“要是缅甸方要求把炮哥引渡的话,可能还有一线希望。如果我方坚决不放人的话就比较难办。在我们国家,这种罪只有死刑。现在的问题是他们掌握了炮哥多少资料?有没有翻案的可能?”阿明有解释说。
现在让我回答,我是什么都不知道,我的头脑一片空白。
“要不等贺武来了再说,他有部队的影响,还有老爷子的势力去探听一下深浅应该是没有问题的。”老尹叔握住我的手,给我冰冷的身体传递些许的温暖。
“不用再等我,我已经到了。”老尹叔话音刚落,老三从车子上跳下来,
“咦,你这么快?你不会是坐火箭来的?”阿明想调侃一下气氛。
“你也不看我开的是什么车?你开的又是什么车?”老三没有好气的回答,是呀,如果特种部队的速度也像地方武装一样就麻烦了。
“是……是,我们是和你们没法比。现在是你发挥作用的时候了,看看炮哥被押解到哪裏?”阿明问老三。
“我刚才动用了所有的关系,问好了,就是省城的看守所裏。那裏我有熟人,但是因为案情重大,不能探视的,所以我们现在不知道裏面的情况如何。这件事情如果中央还没有管,可能还有周旋的余地。事在人为,就看我们各位的努力了。炮哥是我们的英雄,是我们的偶像,我们必须救他出来。”老三从我的烟盒裏抽了一支烟出来,点上。
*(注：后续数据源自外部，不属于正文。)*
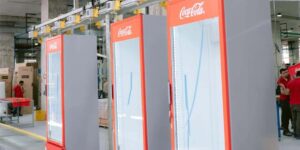 Frigoglass: Κατασκευή του πρώτου επαγγελματικού ψυγείου για την Coca-Cola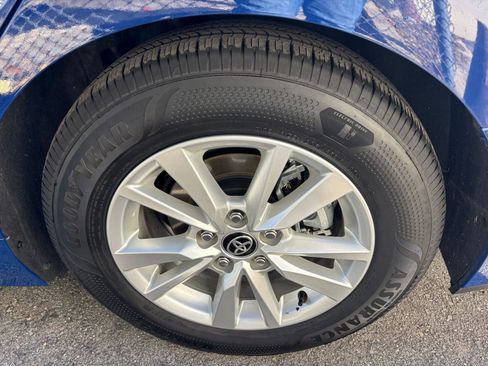 Used 2025 Toyota Camry LE image 30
烟雾一圈一圈的飘荡,他双眉紧锁,陷入沈思。
我知道,因为炮哥的事情,他们都很尽心。但是我现在除了靠他们,我实在是没有一定头绪。
“这样吧,我马上去省城一趟,看看还有什么人能帮上忙的。阿明,你也从多方探听一下消息,老四,你先给炮哥找个律师,我们不能见面的话,律师也许就能办到。”老三动身要走了。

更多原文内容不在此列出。